Example Export as json

This example shows a redirect export for the playground tenant and the code spellcheck

  • tenant: playground
  • code: spellcheck
curl 
-H "Accept: application/json" \
-H "X-QSC-Token: ************" \
https://qsc.quasiris.de/api/v1/admin/list/export/playground/spellcheck?type=json
[
{
"correctSpelling": "wholesale",
"misspellings": [
"holseil"
],
"weight": "100",
"id": 14028,
"type": "misspell"
},
{
"correctSpelling": "Terrasse",
"misspellings": [
"terasse"
],
"weight": "100",
"id": 14029,
"type": "misspell"
},
{
"correctSpelling": "Steve Jobs",
"misspellings": "",
"weight": "100",
"id": 14030,
"type": "correct"
}
]

Configuration

To configure a spellcheck for a search a custom pipeline must be used and the index must be configured in the search configuration.

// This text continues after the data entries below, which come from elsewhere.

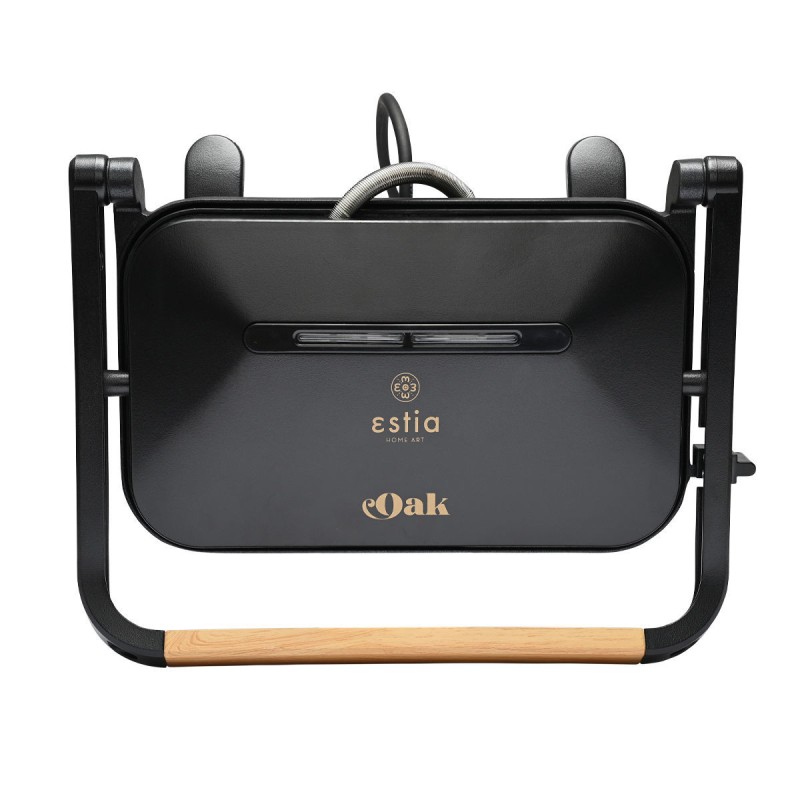 Estia ΤΟΣΤΙΕΡΑ OAK 2 ΘΕΣΕΩΝ 1300w ΜΕ ΑΝΤΙΚΟΛΛΗΤΙΚΕΣ ΠΛΑΚΕΣ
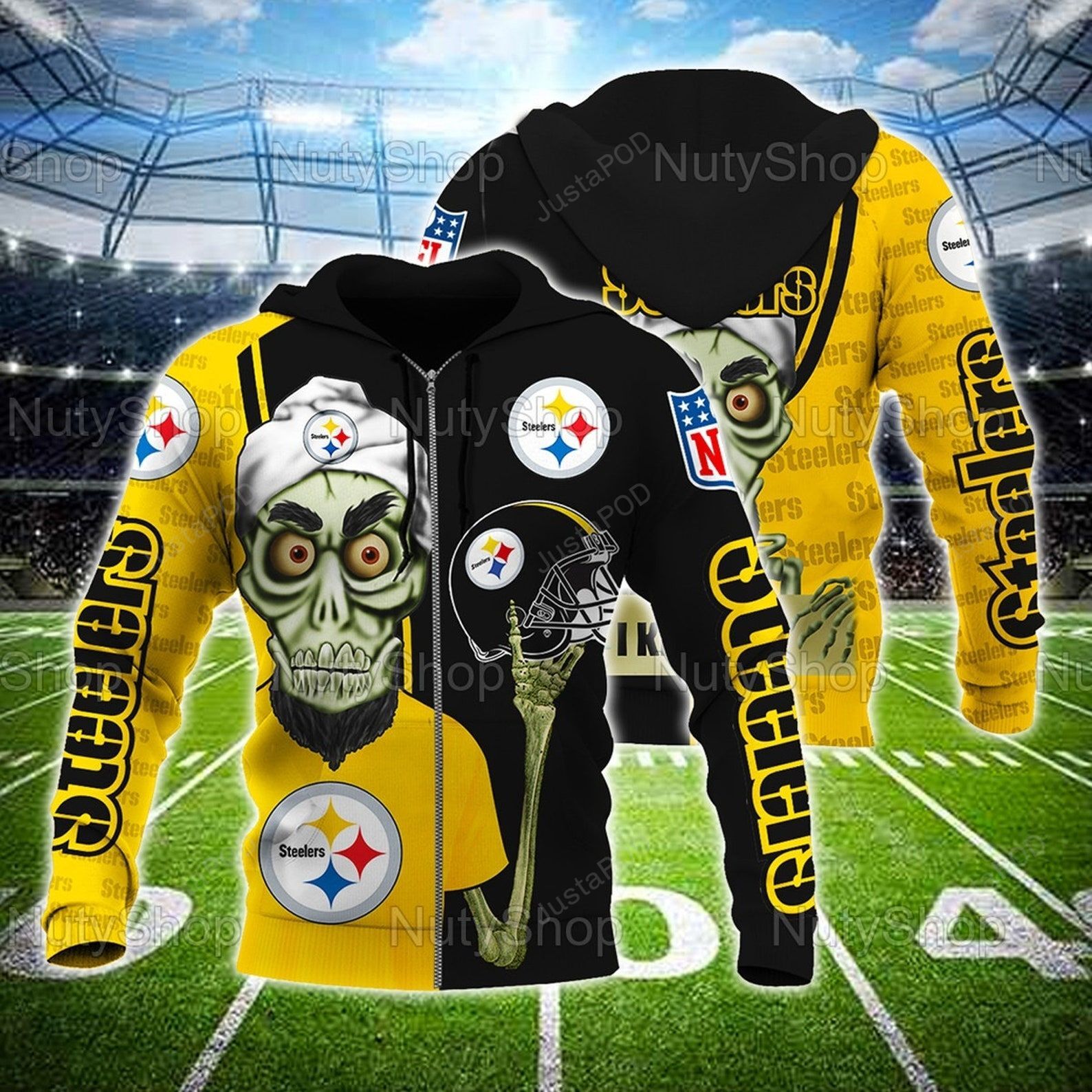 Nfl Pittsburgh Steelers 3d All Over Print Hoodie Zip-up Hoodie-trungten-zzqr8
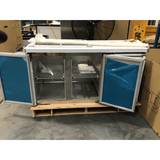 2NDs: Thermaster Two Door Salad Prep Fridge with Curve Glass Top - XTHP2100SALGC-NSW1992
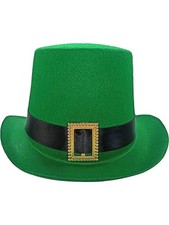Deluxe St. Patrick's Day Green Leprechaun Hat Costume Accessory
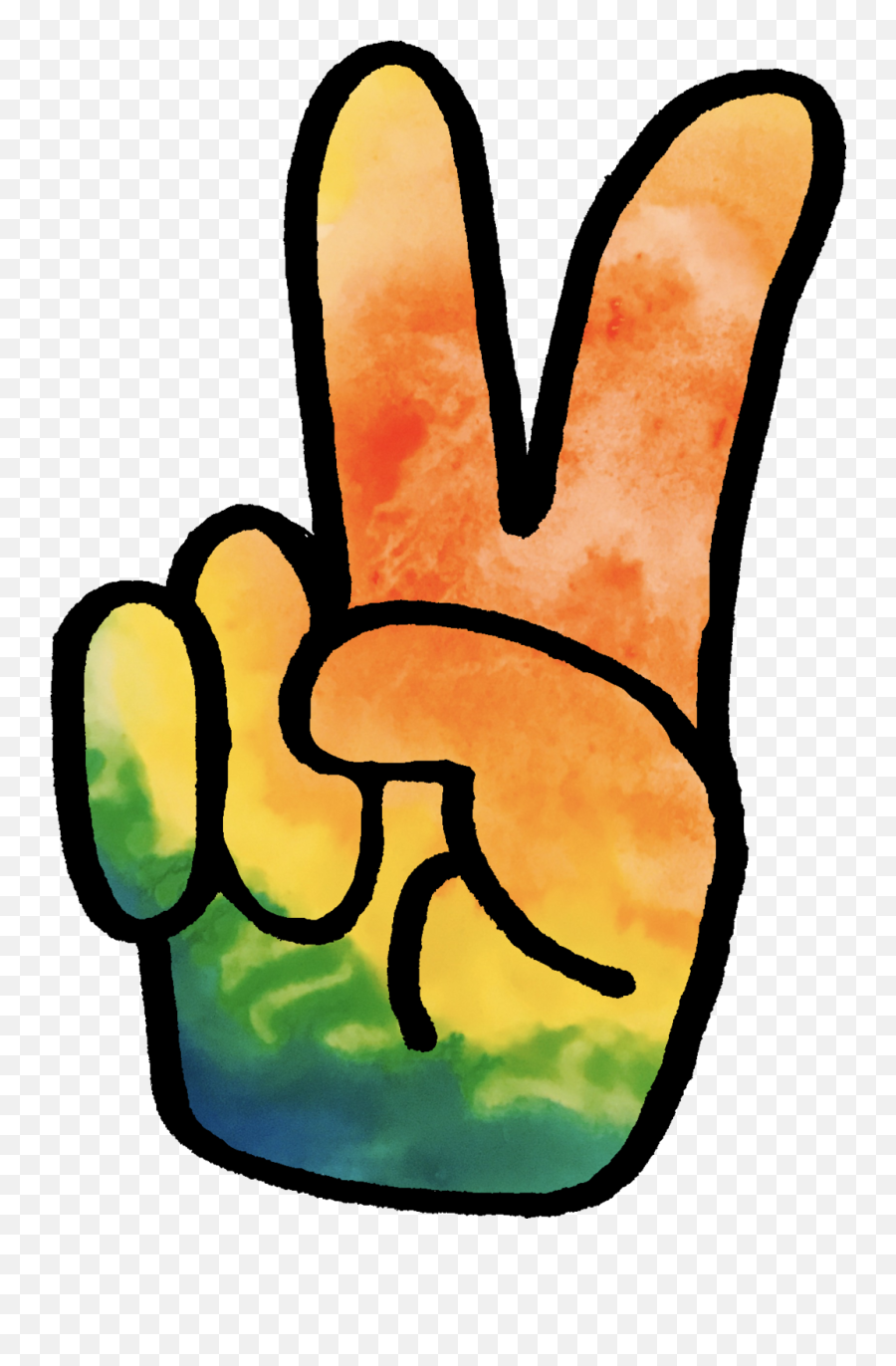 Peace Sign Hand - Tiedye Transparent Png Original Size Tie Dye Peace Sign Hand Clipart Emoji,Peace Emoji Transparent Background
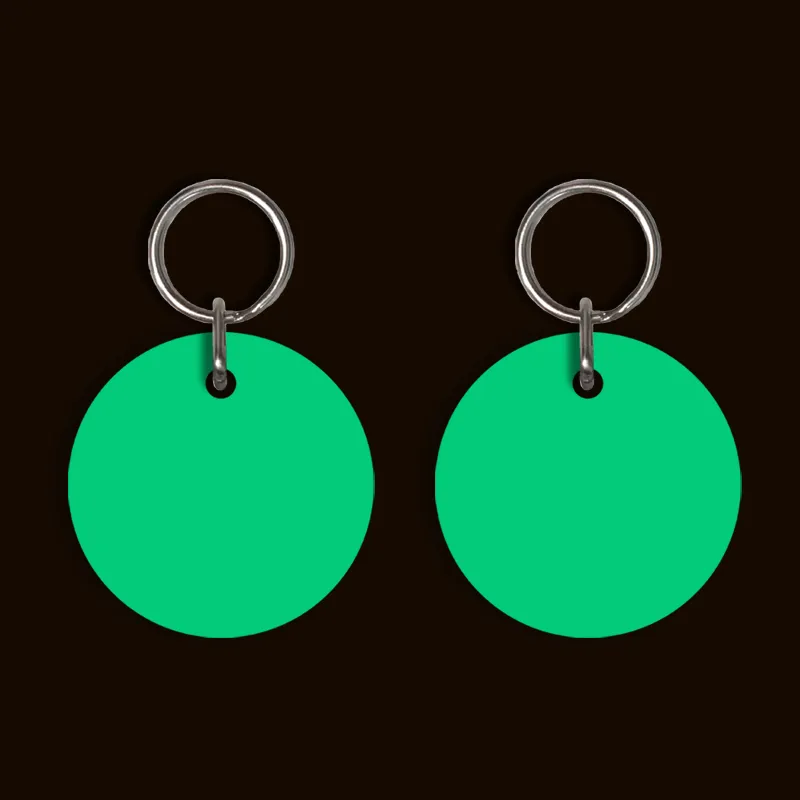 [CUSTOM] Large Pet Tag (Glow In The Dark Double Sided)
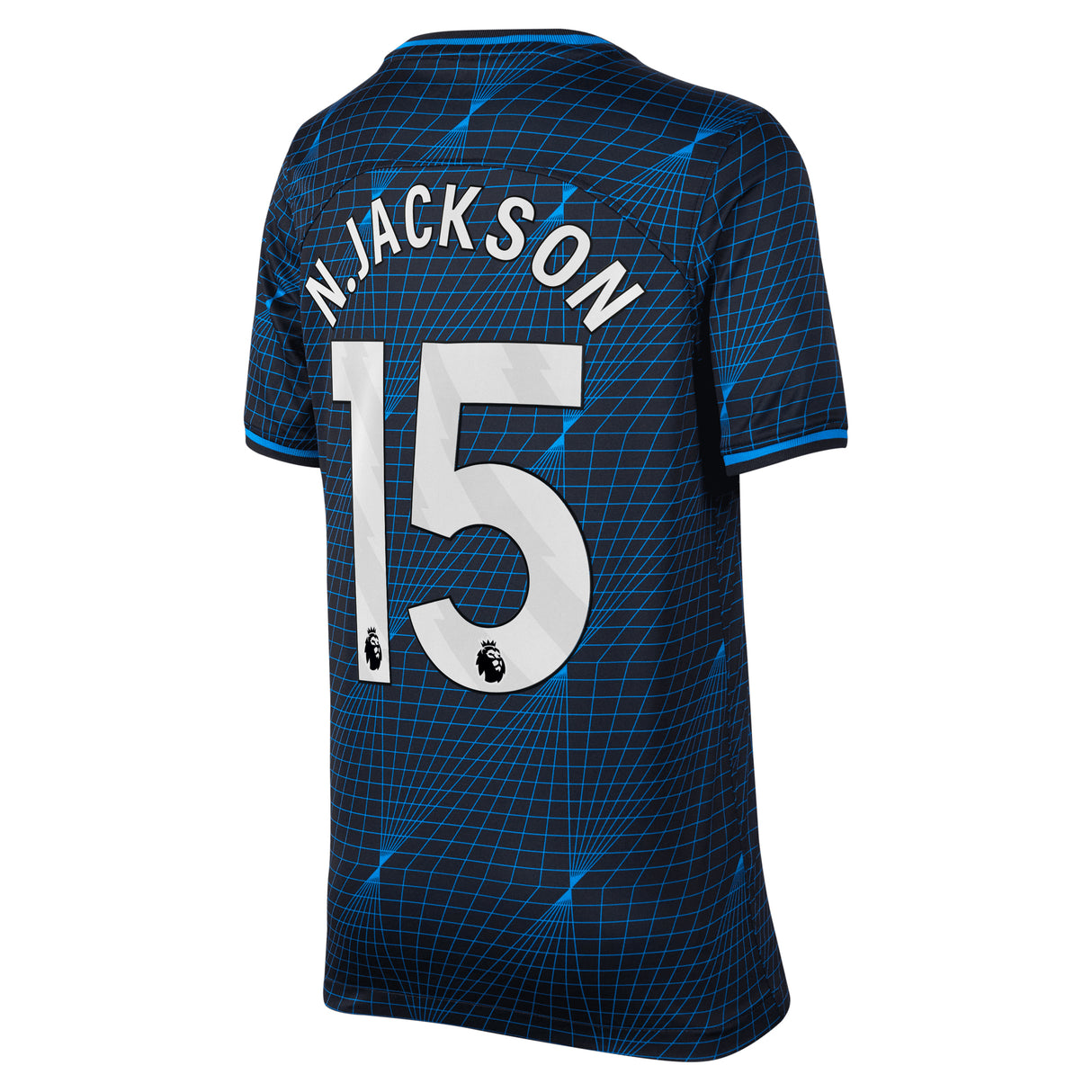 Chelsea Nike Away Stadium Sponsored Shirt 2023-24 - Kids with Jackson 15 printing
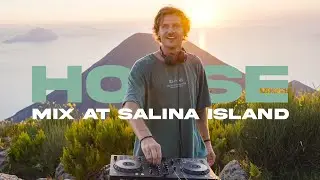 Sunset house mix from the highest point of the Aeolian Islands | aerial footage & summer vibe
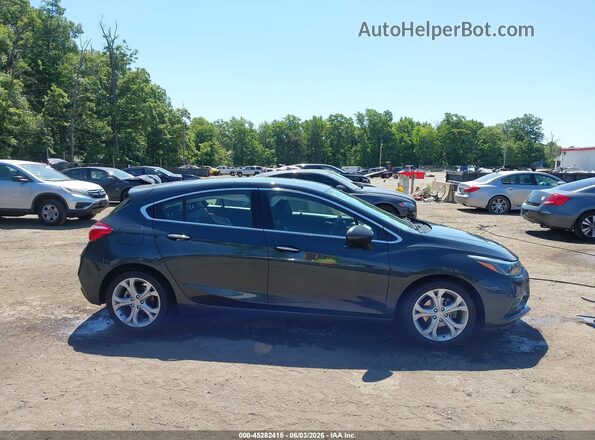 3G1BF6SM9JS565893 2018 CHEVROLET CRUZE Серый Вид задней части салона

  • configure a parallel filter that executes the spellcheck in parallel with the search query
  • the QscSpellcheckEnabledFilter check the conditions if a spellcheck is enabled
  • the SpellCheckElasticParallelFilter check every token against the spellcheck index
  • the QscSpellcheckDecisionFilter restart the pipeline with the corrected query

Pipeline:

!!com.quasiris.qsf.pipeline.Pipeline
id: search-pipeline
timeout: 10000
filterList:
- !!com.quasiris.qsf.pipeline.filter.DebugFilter
active: true
id: search-pipeline.DebugFilter
- !!com.quasiris.qsc.search.service.query.QscSearchQueryFilter
active: true
- !!com.quasiris.qsf.pipeline.filter.ParallelFilter
active: true
id: search.ParallelFilter
pipelines:
- filterList:
- !!com.quasiris.qsf.pipeline.filter.elastic.ElasticFilter
active: true
baseUrl: {{searchIndexBaseUrl}}
id: search-result.elasticFilter
resultSetId: {{searchCode}}
queryTransformer: !!com.quasiris.qsc.search.service.QscSearchQueryTransformer
profile: {{profile}}
searchResultTransformer: !!com.quasiris.qsc.search.service.QscResultTransformer
id: search-results
timeout: 10000
- filterList:
- !!com.quasiris.qsc.search.service.spellcheck.QscSpellcheckEnabledFilter
active: true
id: qsc-spellcheck.QscSpellcheckEnabledFilter
- !!com.quasiris.qsf.pipeline.filter.TokenizerFilter
active: true
id: qsc-spellcheck.TokenizerFilter
- !!com.quasiris.qsf.pipeline.filter.elastic.spellcheck.SpellCheckElasticParallelFilter
active: true
baseUrl: {{spellcheckIndexBaseUrl}}
id: spellcheck
maxTokenLenght: 10
minTokenLenght: 4
minTokenWeight: 1
id: spellcheck
timeout: 1000
- !!com.quasiris.qsc.search.service.spellcheck.QscSpellcheckDecisionFilter
active: true
id: search-pipeline.QscSpellcheckDecisionFilter
resultId: {{searchCode}}
restartPipelineId: "search-pipeline"
- !!com.quasiris.qsf.pipeline.filter.QSFQLResponseRefinementFilter
active: true
id: search-pipeline.QSFQLResponseRefinementFilter
resultId: {{searchCode}}
- !!com.quasiris.qsc.search.service.QscTrackingFilter
active: true
baseUrl: {{trackingIndexBaseUrl}}
customParameter:
app: search
searchCode: {{searchCode}}
tenantCode: {{tenant}}
env: {{env}}
id: search-pipeline.ElasticTrackingFilter
idFieldName: id
resultSetId: {{searchCode}}
rotation: none
trackingId: null

search configuration

{
"spellcheck": {
"indexCode": "spellcheck"
}
}

If no configuration exists, the default $searchIndex-spellcheck is used. It is recommend to configure the indexCode.